A Python/Flask web application that captures student face images, trains a lightweight face classifier, and uses a live webcam feed to mark attendance automatically during a lecture. The system is designed for a lecturer workflow: enter unit details, enroll students, then run recognition to log attendance with timestamps.

The core idea is simple and fully local: student face images are collected via the webcam, a K-Nearest Neighbors (KNN) model is trained from those images, and recognized identities are written into a daily attendance file for the selected unit.

Key features:

  • Lecture/session setup: Lecturer enters session context (e.g., lecturer name and unit details) and the system starts a new daily attendance run for that class.
  • Student enrollment: Captures multiple face samples per student from a webcam and builds a labeled dataset for recognition.
  • Model training and persistence: Trains a scikit-learn KNN classifier on standardized face crops and persists the trained model for reuse.
  • Live recognition + attendance logging: Detects faces in real time from the webcam feed, predicts an identity, and logs attendance with a timestamp.
  • Attendance viewing: Renders the current session’s attendance records in a simple web UI table.
  • Lightweight “directory” view: Provides a quick view of enrolled identities (no external database required).
  • User removal: Supports removing an identity and its associated training data, and updates logs accordingly.

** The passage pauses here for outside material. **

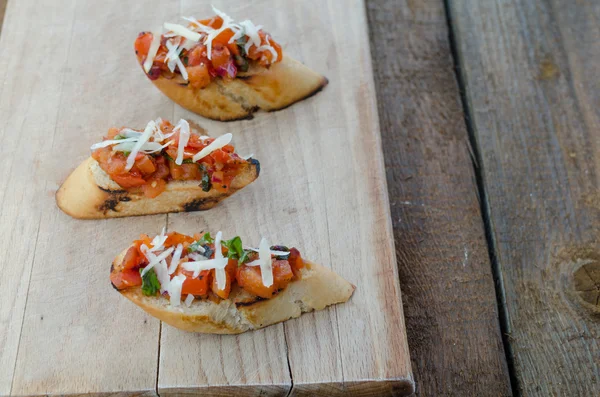 Crostini z cebulą, pomidorem i bazylią — Zdjęcie stockowe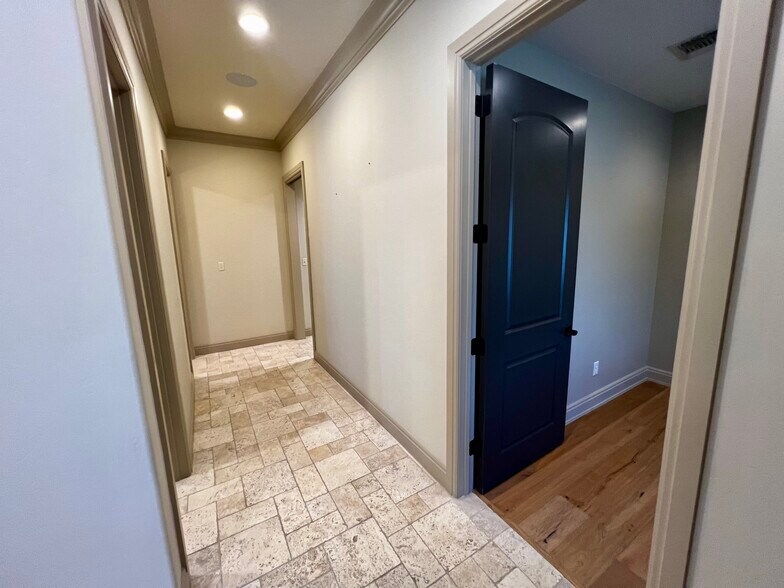 More Photos Of 11818 Warfield St, San Antonio Service For Lease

How it works (high-level):

  • Face detection: Each frame is converted to grayscale and faces are located using a Haar Cascade classifier.
  • Face preprocessing: Detected face regions are resized to (50 \times 50) and flattened into a feature vector.
  • Classification: A KNN model predicts the closest known identity label from the training set.
  • Attendance storage: Attendance is written to a per-class, per-day CSV log with Name, ID, and Time columns. The app avoids duplicate entries for the same ID within a session/day.

Notes/assumptions:

  • The app is intended to run on a machine with a webcam and a GUI environment (OpenCV window is used for live capture/recognition).
  • All data (face images, trained model, attendance CSVs) is stored locally in the project’s filesystem; no external database is required.